Cassandraにおけるデータの書き込み操作(Write Path)は、以下のステップで実行されます。

  1. Commit Log (コミットログ) への書き込み: Cassandraは、データの変更リクエストを受け取ると、まずその変更をコミットログに追記します。コミットログはディスク(HDDまたはSSD)上に配置され、データの永続性を保証するための重要な役割を果たします。これにより、Cassandraがクラッシュした場合でも、コミットログからデータを回復できます。

  2. Memtable (メモリテーブル) への書き込み: コミットログへの書き込みと並行して、データはRAM(ランダムアクセスメモリ)内のMemtableにも書き込まれます。Memtableは、インメモリのデータ構造であり、データの追加や更新を高速に処理するために使用されます。最新のデータバージョンを保持し、高速な読み書きアクセスを提供します。

  3. SSTable (Sorted String Table) へのフラッシュ: Memtable内のデータが一定のサイズに達するか、一定時間が経過すると、CassandraはMemtableの内容をディスク上のSSTableに書き出します(フラッシュ)。SSTableは、ソートされたキーと値のペアで構成される不変(immutable)なファイル形式であり、効率的な読み取り操作を可能にします。SSTableはCassandraの永続的なデータストレージです。

このプロセスにより、Cassandraは高速な書き込みを実現しつつ、データの耐久性も確保しています。

Read Path (読み込みパス)

Cassandraにおけるデータの読み込み操作(Read Path)は、以下のステップで実行されます。

  1. Bloom Filter (ブルームフィルタ) の検索: データの読み取りリクエストが発生すると、Cassandraはまずメモリ内のブルームフィルタを検索します。ブルームフィルタは、特定のデータがSSTableに存在するかどうかを高速に判断するための確率的データ構造です。データが存在しない可能性が高いと判断された場合、ディスクアクセスをせずに読み取り操作を終了することで、ディスクI/Oを最小限に抑えます。

  2. Memtableの検索: ブルームフィルタでデータが存在する可能性が示された場合、次にCassandraはMemtableを検索します。Memtableには最新のデータが格納されているため、ここでデータが見つかれば、ディスクアクセスなしで高速にデータを取得できます。

  3. SSTableの検索とマージ: Memtableにデータが見つからなかった場合、Cassandraはディスク上のSSTableを検索します。データは複数のSSTableに分散して格納されている可能性があるため、Cassandraは複数のSSTableからデータを読み込み、マージソートアルゴリズムを使用して、最新のデータバージョンを統合します。

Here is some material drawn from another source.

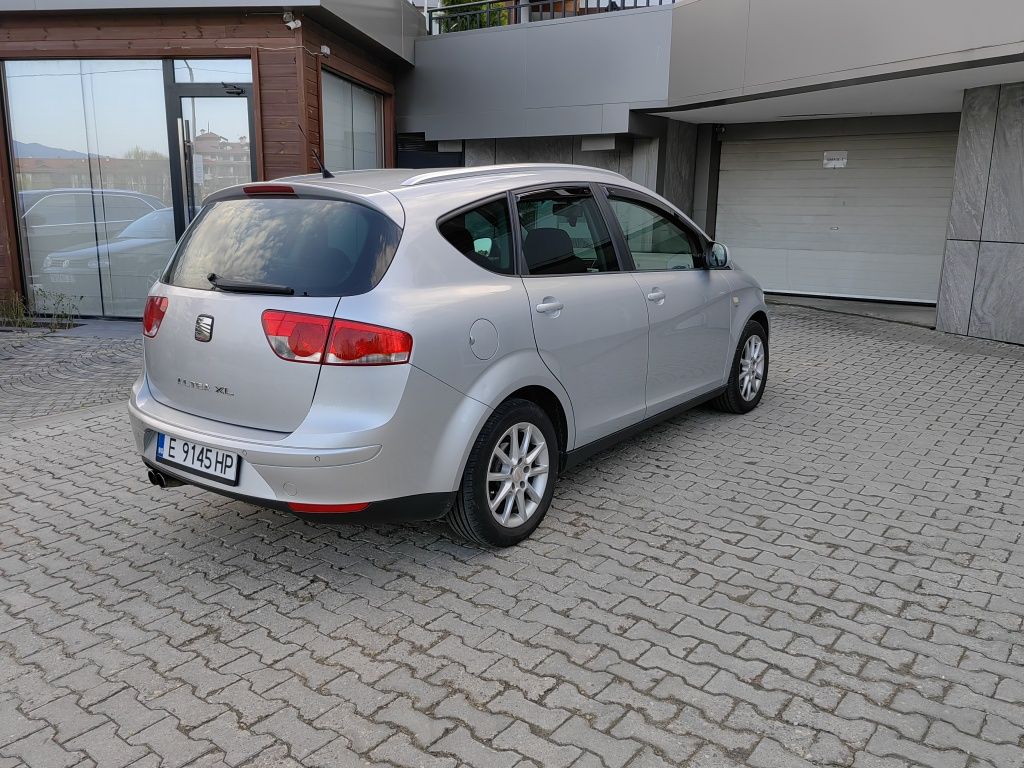 SEAT ALTEA XL 2.0 TDI на Части!!!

  4. キャッシュへのロード: ディスクから読み込まれたデータは、次回以降の読み取りを高速化するために、メモリ内のキャッシュ(Key CacheやRow Cacheなど)にロードされます。これにより、同じデータへのアクセスがあった場合にディスクアクセスを回避し、高速なメモリアクセスでデータを提供できます。

これらのWrite PathとRead Pathの最適化されたメカニズムにより、Cassandraは高いスループットと低レイテンシでのデータ操作を実現しています。